Passage à l’heure d’été : à Ferrières, il dompte le temps chez Huchez depuis 22 ans

Passage à l’heure d’été : à Ferrières, il dompte le temps chez Huchez depuis 22 ans

Christophe Delattre est électrotechnicien dans l’entreprise d’horlogerie Huchez, implantée sur le Plateau picard depuis 1832 et tenue par la même famille depuis quatre générations. Photo Le Parisien

Au troisième top, à 2 heures, il sera exactement… 3 heures. Ce dimanche matin, nous aurons perdu un peu de sommeil à l’occasion du passage à l’heure d’été. Christophe Delattre, 45 ans, électrotechnicien depuis vingt-deux ans pour la mythique entreprise Huchez implantée à Ferrières, sur le Plateau picard, est prêt.

Si le changement d’heure ne représente plus un pic d’activité depuis le passage au tout électronique dans les années 1970, il reste toujours quelques irréductibles, qui ont impérieusement besoin des conseils téléphoniques du spécialiste à ce moment crucial de l’année.

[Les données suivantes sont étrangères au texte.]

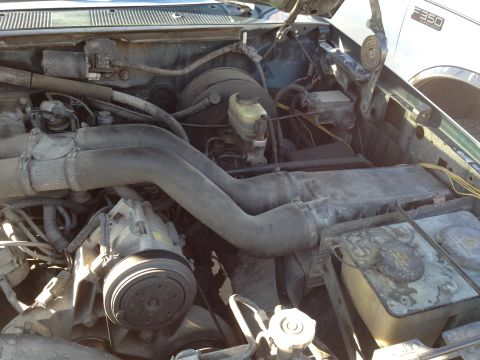1988 Ford Bronco - A close-up view of the engine bay of a green Ford truck, showing the air intake system, air conditioning compressor, and brake fluid reserv…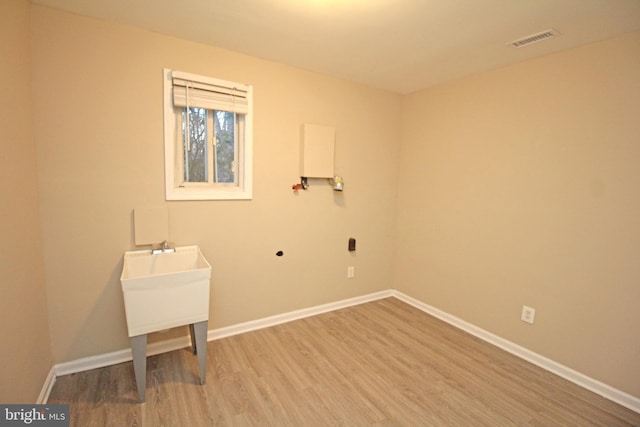 washroom with electric dryer hookup and light wood-type flooring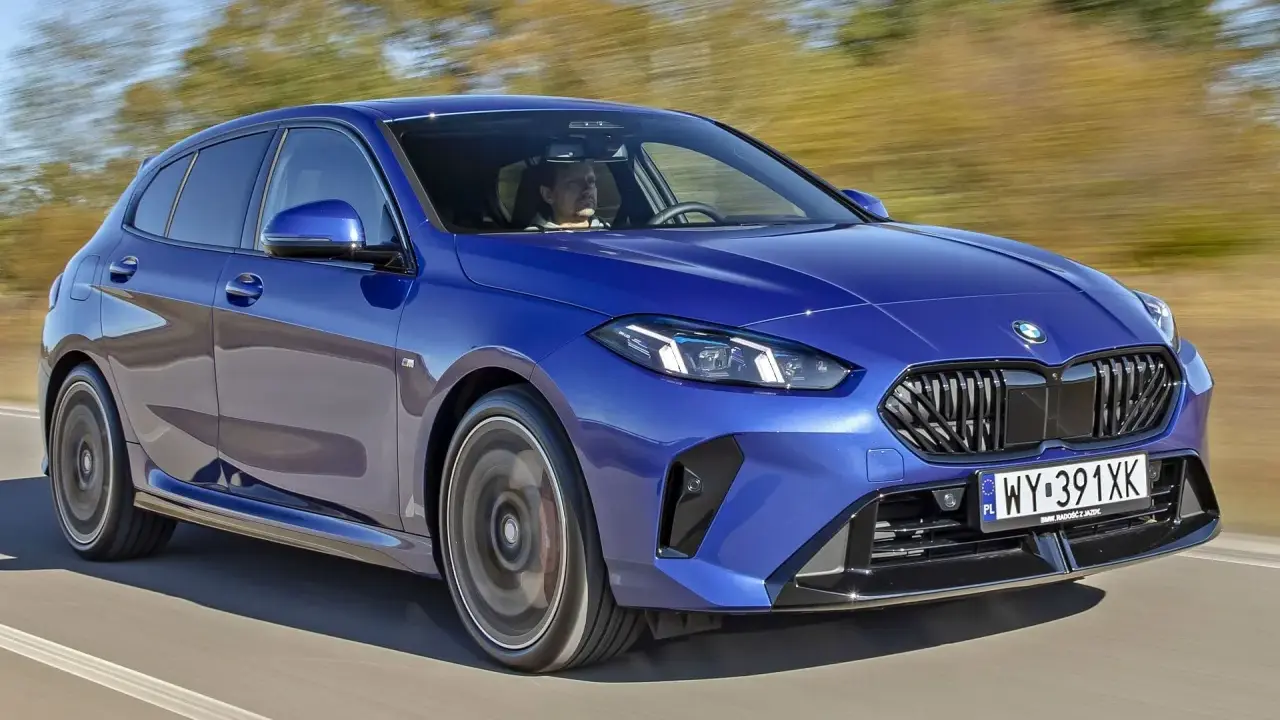 Niebieskie BMW serii 1 (f21) w ruchu, z kierowcą za kierownicą.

Les gares, les hôpitaux et les églises, les mairies, les bibliothèques et les écoles, le parc Euro Disney… Les horloges Huchez sont partout. Dans l’atelier de Ferrières, créé en 1832 et tenu par la famille Huchez depuis quatre générations, c’est Christophe Delattre qui programme les cartes électroniques et effectue les tests sur chaque appareil, à raison d’une horloge par jour en moyenne. Grâce aux informations qu’il intègre dans le programme à l’aide de son logiciel, les horloges, les pointeuses électroniques et les minuteries Huchez passent de l’hiver à l’été toutes seules.

« Quand je suis arrivé chez Huchez, pendant quelques années, je passais trois jours au téléphone à chaque changement d’heure, se souvient le spécialiste. Il y avait encore des horloges électromécaniques, une phase intermédiaire entre les systèmes manuels et le tout électronique. Certains clients oubliaient le protocole. Le lundi qui suivait le changement d’heure, nous étions bloqués toute la journée au téléphone ! » Les temps ont changé. Mais quelques exceptions confirment toujours la règle. « Il y en a encore quelques-uns qui téléphonent. Ceux qui ont tripoté quelque chose et ont tout déréglé, ceux qui ont un problème de réception radio pour capter le signal émis depuis Francfort (Allemagne) au cours de la nuit. »

Ce moment de flottement bi annuel fait partie du métier. Une voie que Christophe Delattre a choisie pour « le plaisir du rapport à l’objet, la variété du métier et la diversité des contacts qu’il permet ». Lorsqu’il ne dompte pas le temps, à ses heures perdues, l’électrotechnicien formé au lycée technique Paul-Langevin de Beauvais, répare et collectionne les vieilles voitures. Une autre mécanique de précision.